After 47 years in business, Sammy’s had become synonymous with an old-school, midcentury vibe. Owner David Zimmerman, the son of Stan Zimmerman, who previously ran it, promised it would return in some form or another, at the time stating it was unlikely to remain at its basement-level Chrystie Street home. Eater has reached out to Zimmerman for more information.
Depending on who you ask, Sammy’s has several different names: Sammy’s Roumanian, Famous Sammy’s, and Famous Sammy’s Roumanian Steakhouse, among them.
It was a “den of schmaltz-covered, Ashkenazi fun,” chronicled in Grub Street in 2021. “People would tell you that the food didn’t really matter, that Sammy’s was about the experience. And, to a certain extent, that was true. But the menu could still make a heart flutter.”

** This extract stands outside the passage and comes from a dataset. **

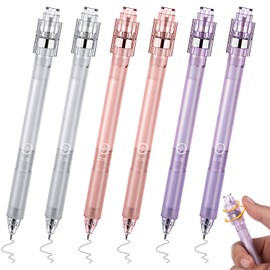 Crtiin 6 Pcs Fidget Spinner Pens for Adults Black Ink Gel Pens with Fidget Ball Stress Relief Pen Spinning Pen for Office Supplies Journaling (Hexagon,Bright Color)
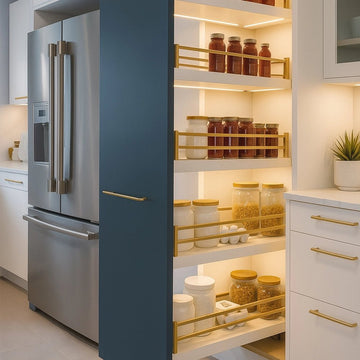 Open Pantry Unit-Golden Rail Shelving & Coordinated Jar Display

Tables were adorned with schmaltz and old-fashioned seltzer; it was a favorite amongst birthday parties: “Sammy’s ties a balloon to every table just in case, and half the time they’re right,” Eater reported in 2009. It was the place where “every night felt like a bat mitzvah,” according to Food & Wine.
The late New York Times restaurant critic Mimi Sheraton gave the place three stars in a 1982 review; later, in 2014, critic Pete Wells dropped it to one, nevertheless celebrating its charms. “Known for selling vodka bottles encased in ice, Sammy’s is New York’s original bottle-service restaurant, and still the only tolerable one,” he wrote.
Over the past couple of months, Dani Luv, the singer synonymous with Sammy’s entertainment, known for “covers of Broadway classics and insult[ing] diners to their faces,” has hosted various New York pop-ups at Quality Eats uptown and Edith’s in Williamsburg.
For Sammy’s to relocate to Orchard Street, the restaurant will need to receive liquor license approval from the community board; a meeting is set for mid-May. As EV Grieve reports, the space its eyeing has been vacant for a few years, but was formerly home to a bar, the Sixth Ward, that lost its liquor license, related to what the publication describes as “criticism from locals.”